The framework automatically handles observer registration and cleanup through component lifecycle hooks - no memory leaks, no manual subscription management.
For more information, see this section of the docs to learn more.
Login component enhancements
The Login component gets two key upgrades that pair perfectly with the new Route Security system. First, form action support via setAction() enables traditional POST-based authentication - just point it at your Spring Security endpoint and it handles the rest.
Second, custom fields support lets you extend authentication workflows with department codes, 2FA tokens, tenant identifiers, or whatever your auth system requires. Both enhancements maintain full backward compatibility with existing onSubmit() handlers.
Textual date parsing for masked date fields
The MaskedDateField component now supports textual date parsing, bringing human-friendly date formats to your forms. Want to display "September 15, 2025" or "Mon 09/15/25" and have it work with spin controls, validation, and programmatic updates? Now you can.
MaskedDateField dateField = new MaskedDateField();
dateField.setMask("%Ds %Ml/%Dz/%Yz"); // "Mon September/15/25"
dateField.setTextualDateParsing(true); // Enable textual parsing
The component parses both short and long month names ("Sep" or "September"), recognizes day names as decorative elements, and handles everything case-insensitively. It's locale-aware too - French, German, whatever your users need. Numeric input still works exactly as before, maintaining full backward compatibility.
This means your forms can use natural date formats that users actually prefer. Enable it with one method call and the component handles the rest.
See the Masked Date Field documentation for format masks and configuration options.
Flexible entity key identification for repositories
Repositories need to identify entities for operations like find() and item selection. You can implement HasEntityKey in your entity classes to define their identity, but what about scenarios where you can't or don't want to modify the entity? Think third-party domain models, generated classes, or existing codebases where adding interfaces isn't practical.

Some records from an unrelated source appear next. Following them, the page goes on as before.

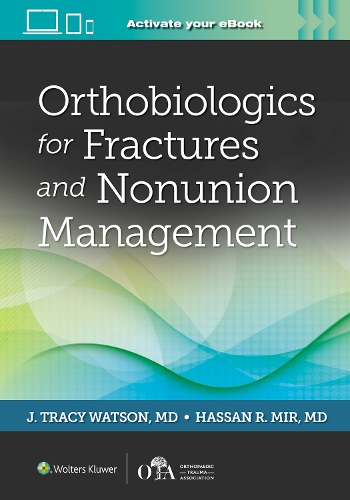 Паперова книга «Orthobiologics for Fractures and Nonunion Management», автор Дж. Трейсі Вотсон - фото №1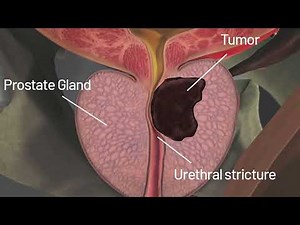 prostate: Discover the 7 Symptoms of a Sick Prostate That You Should Not Ignore
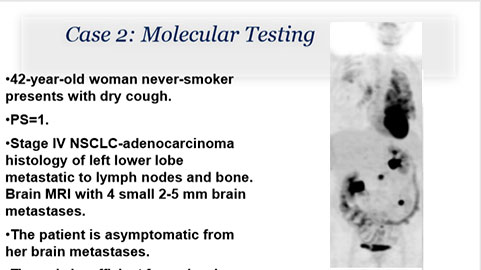 Case Study Molecular Testing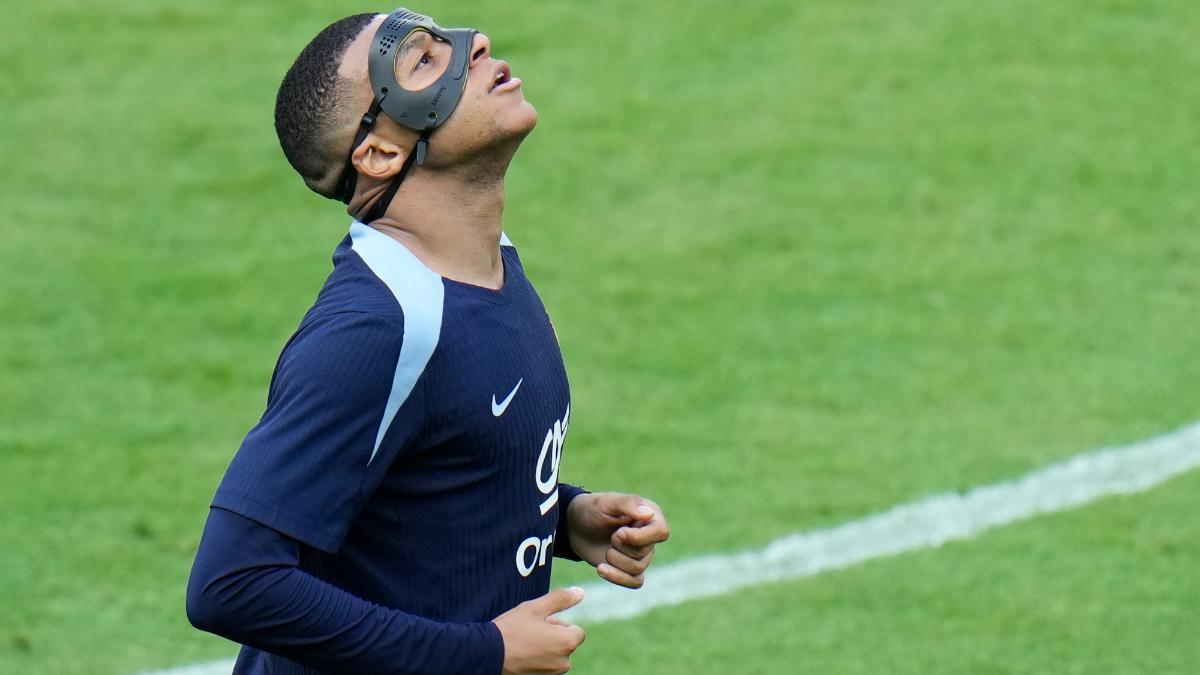Deschamps: "Mbappé corre el riesgo de tener que llevar la máscara varios meses"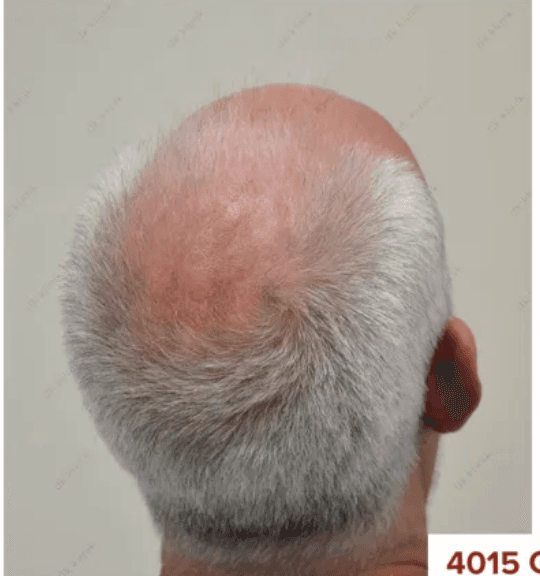 Hair Transplant - Before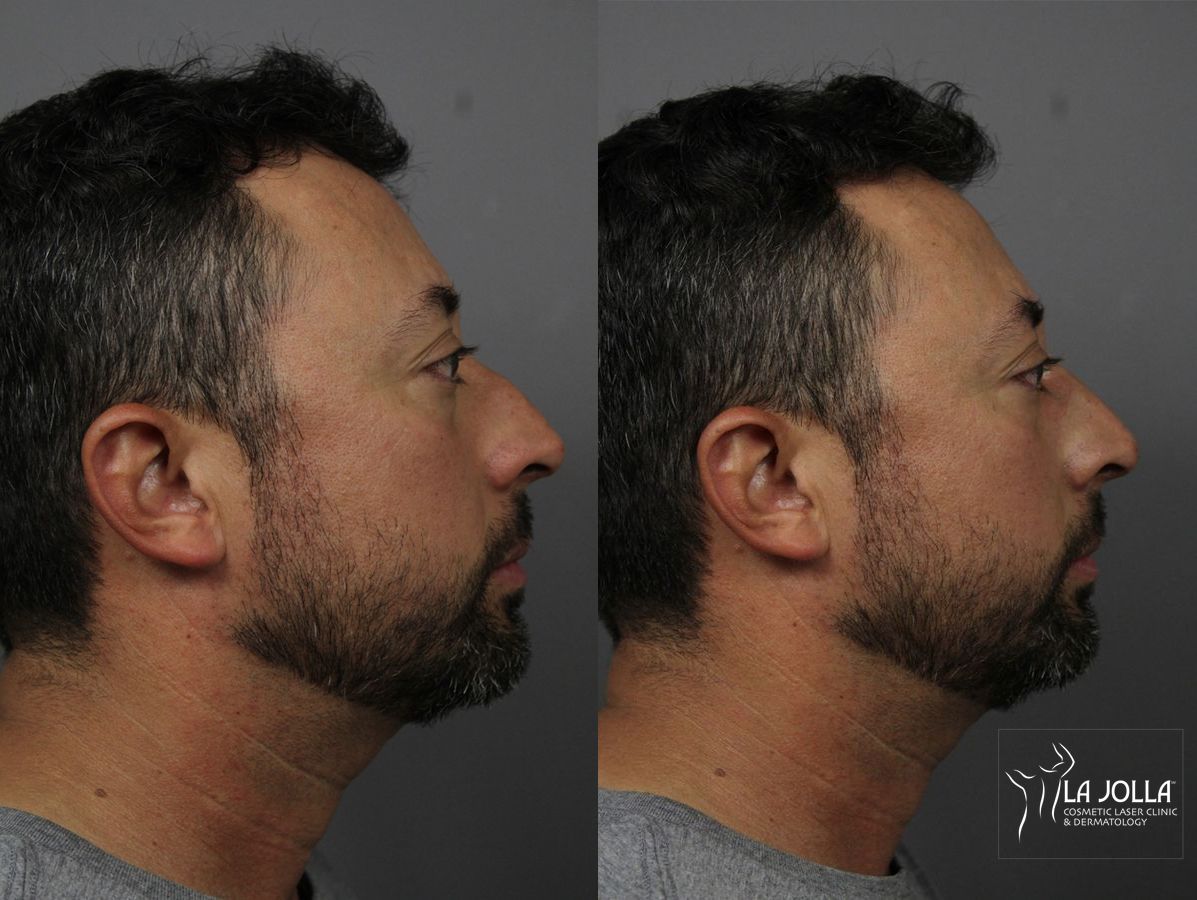 Before and after Nose Filler case 36136 - Angle 2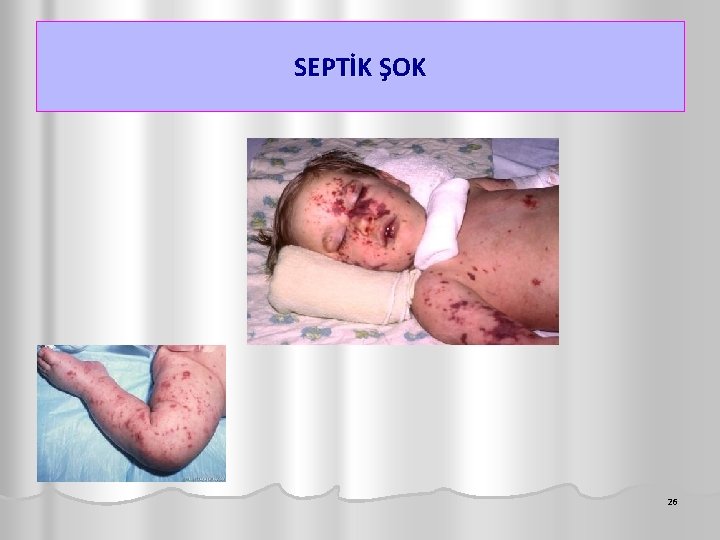 SEPTİK ŞOK 26 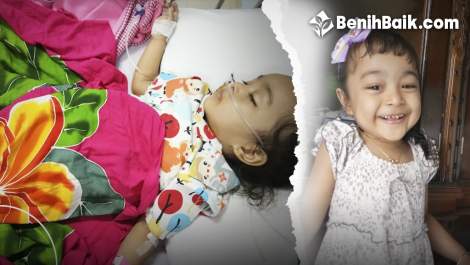Anakku Keinarra Menderita Kelainan Langka Cranial Nerve Palsy Susp Autoimun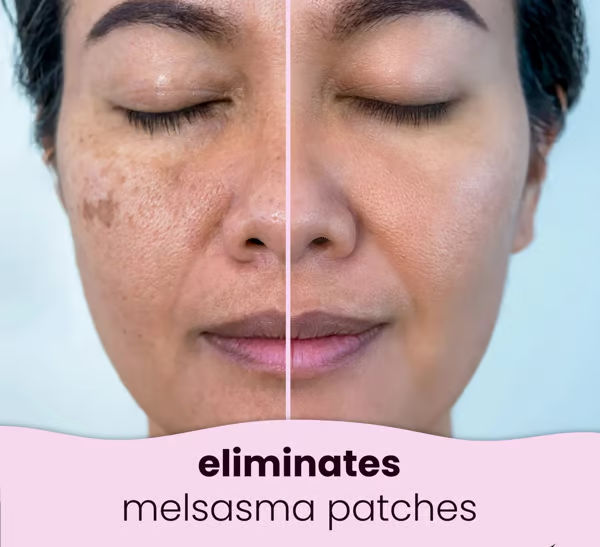 🍋LAST DAY 49% OFF🔥Turmeric Kojic Acid Cleansing Pads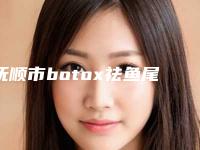 抚顺市botox祛鱼尾纹价格(价目)价位一览(botox祛鱼尾纹均价为:5721元)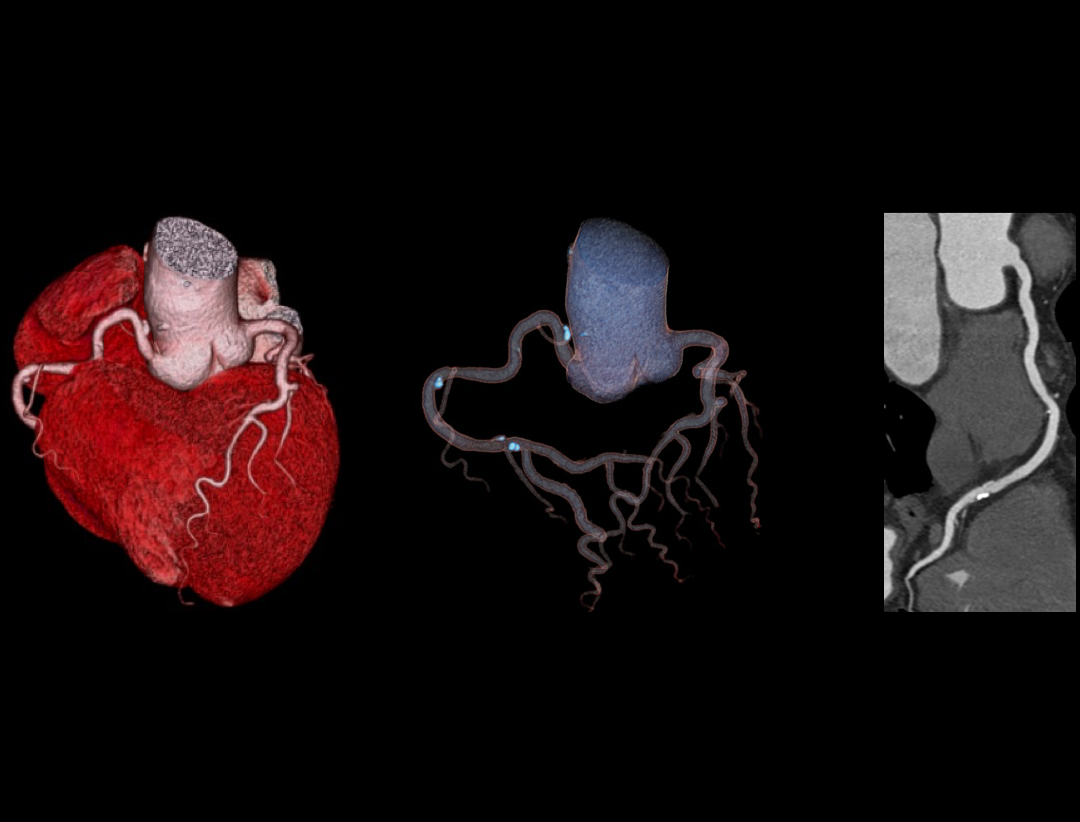 uCT 780 (Fine Sampling+ low Noise+ GOS) | United-Imaging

The new setKeyProvider() method accepts method references pointing to your entity's ID getter. No interface implementation required, no entity modifications needed. This is particularly valuable when working with entities you can't control—just point the repository at the existing ID field and you're done.
CollectionRepository<Product> repository = new CollectionRepository<>(products);
repository.setKeyProvider(Product::getId); // That's it
// Now repository operations just work
Product item = repository.find("PROD-123");
HasEntityKey remains available for cases where entities should self-define their identity or when key extraction logic is complex. Choose whichever approach fits your architecture.
See the Repository documentation for both entity identification approaches and when to use each.
That wraps up the major features and functionality introduced in webforJ 25.10. As always, see the GitHub release overview for a more comprehensive list of changes.